Department of Oncology, Georgetown University School of Medicine, Georgetown University, Washington, DC.
Transplant Research Education Center, Terasaki Institute of Biomedical Innovation, Los Angeles, California.
Ann Am Thorac Soc. 2021 Nov;18(11):1886-1893. doi: 10.1513/AnnalsATS.202010-1276OC.
Although lung cancer screening (LCS) with low-dose computed tomography (LDCT) is now recommended for those meeting standard risk factor-based eligibility criteria, the role of comorbidity in the uptake of LCS with LDCT in an older real-world U.S. population is not well established. To examine the relationships between comorbidity, functional status, and LCS utilization in the United States. Using population-based data from the 2017-2019 Behavioral Risk Factor Surveillance System, we examined the association of comorbid conditions and functional limitations regarding activities of daily living with LCS utilization among participants that met the LCS criteria based on the U.S. Preventive Service Taskforce guidelines. We employed multivariable weighted logistic regression models to evaluate these associations, both overall and within subgroups defined by age (<65 yr vs. ⩾65 yr), sex, and smoking history. Of 11,214 participants who met the eligibility criteria for LCS, 1,731 (16%) underwent LCS with LDCT. The majority were White (90%), male (55%), former smokers (52%), and living with at least one chronic comorbid condition (77%). More than 28% had three or more comorbid conditions, and approximately 40% of participants reported having some form of functional limitations. In the multivariable models, the likelihood of undergoing LCS with LDCT within the past year was positively associated with higher amount of comorbidity (⩾5 vs. 0: adjusted odds ratio, 2.34; 95% confidence interval [CI], 1.22-4.48) but not with functional limitations (⩾3 vs. 0: adjusted odds ratio, 1.00; 95% CI, 0.66-1.50). The presence of comorbid conditions is associated with a higher likelihood of undergoing LCS with LDCT. Because poor health status may diminish the benefits of screening, future research is needed to precisely characterize the health status of LCS-eligible individuals.
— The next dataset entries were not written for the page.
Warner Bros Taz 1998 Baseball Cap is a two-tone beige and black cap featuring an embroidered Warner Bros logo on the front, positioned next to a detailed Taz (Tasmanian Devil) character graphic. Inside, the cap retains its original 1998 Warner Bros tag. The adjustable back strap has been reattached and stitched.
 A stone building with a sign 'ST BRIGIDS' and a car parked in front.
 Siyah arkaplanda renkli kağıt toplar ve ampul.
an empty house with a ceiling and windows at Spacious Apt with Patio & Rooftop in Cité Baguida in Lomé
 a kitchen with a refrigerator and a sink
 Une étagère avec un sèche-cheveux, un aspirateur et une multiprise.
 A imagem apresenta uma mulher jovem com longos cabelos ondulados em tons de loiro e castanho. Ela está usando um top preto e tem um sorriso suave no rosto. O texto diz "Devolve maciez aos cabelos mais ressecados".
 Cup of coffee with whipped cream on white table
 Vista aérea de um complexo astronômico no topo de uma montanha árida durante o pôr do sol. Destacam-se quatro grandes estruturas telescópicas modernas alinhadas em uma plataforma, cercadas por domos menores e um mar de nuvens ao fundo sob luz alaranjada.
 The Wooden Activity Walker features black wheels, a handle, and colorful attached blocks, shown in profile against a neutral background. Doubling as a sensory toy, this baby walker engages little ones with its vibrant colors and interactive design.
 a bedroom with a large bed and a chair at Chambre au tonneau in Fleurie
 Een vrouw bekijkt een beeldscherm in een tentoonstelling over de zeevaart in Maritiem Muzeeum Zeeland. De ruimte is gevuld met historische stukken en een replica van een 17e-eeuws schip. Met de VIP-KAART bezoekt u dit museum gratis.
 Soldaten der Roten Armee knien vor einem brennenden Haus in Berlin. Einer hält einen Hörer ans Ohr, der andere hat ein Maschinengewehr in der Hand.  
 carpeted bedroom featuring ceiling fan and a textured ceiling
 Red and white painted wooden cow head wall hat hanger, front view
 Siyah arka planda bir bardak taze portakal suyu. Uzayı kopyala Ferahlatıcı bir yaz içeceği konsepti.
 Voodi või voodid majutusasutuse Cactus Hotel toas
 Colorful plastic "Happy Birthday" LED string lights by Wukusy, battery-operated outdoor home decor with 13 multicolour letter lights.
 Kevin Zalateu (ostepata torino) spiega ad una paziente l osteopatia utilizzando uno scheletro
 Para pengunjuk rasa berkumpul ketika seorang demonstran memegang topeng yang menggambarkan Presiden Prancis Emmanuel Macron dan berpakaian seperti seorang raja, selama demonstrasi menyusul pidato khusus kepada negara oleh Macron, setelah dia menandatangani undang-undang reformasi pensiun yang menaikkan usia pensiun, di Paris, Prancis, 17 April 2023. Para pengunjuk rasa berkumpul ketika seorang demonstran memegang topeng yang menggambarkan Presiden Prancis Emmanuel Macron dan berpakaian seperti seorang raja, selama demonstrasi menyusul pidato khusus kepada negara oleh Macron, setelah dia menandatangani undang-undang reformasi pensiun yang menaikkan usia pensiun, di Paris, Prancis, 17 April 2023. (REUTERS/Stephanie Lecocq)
虽然低剂量计算机断层扫描(LDCT)肺癌筛查(LCS)现在被推荐用于符合基于标准风险因素的入选标准的人群,但在更广泛的美国人群中,合并症在 LCS 与 LDCT 应用中的作用尚不清楚。为了研究合并症、功能状态与 LCS 在美应用之间的关系。我们利用 2017-2019 年行为风险因素监测系统的人群数据,检查了合并症和日常生活活动功能障碍与美国预防服务工作组指南规定的 LCS 标准相符的参与者中,LCS 利用情况之间的关联。我们采用多变量加权逻辑回归模型,分别从总体和年龄(<65 岁与 ⩾65 岁)、性别和吸烟史的亚组来评估这些关联。在符合 LCS 入选标准的 11214 名参与者中,有 1731 名(16%)接受了 LDCT 低剂量计算机断层扫描。大多数为白人(90%)、男性(55%)、前吸烟者(52%),至少患有一种慢性合并症(77%)。超过 28%的人有三种或更多合并症,大约 40%的参与者报告有某种形式的功能障碍。在多变量模型中,过去一年接受 LDCT 低剂量计算机断层扫描的可能性与更高的合并症数量呈正相关(⩾5 种与 0 种:调整后的优势比,2.34;95%置信区间[CI],1.22-4.48),但与功能障碍无关(⩾3 种与 0 种:调整后的优势比,1.00;95%CI,0.66-1.50)。合并症的存在与接受 LDCT 低剂量计算机断层扫描的可能性增加有关。由于健康状况不佳可能会降低筛查的益处,因此需要进一步研究来准确描述符合 LCS 条件的个体的健康状况。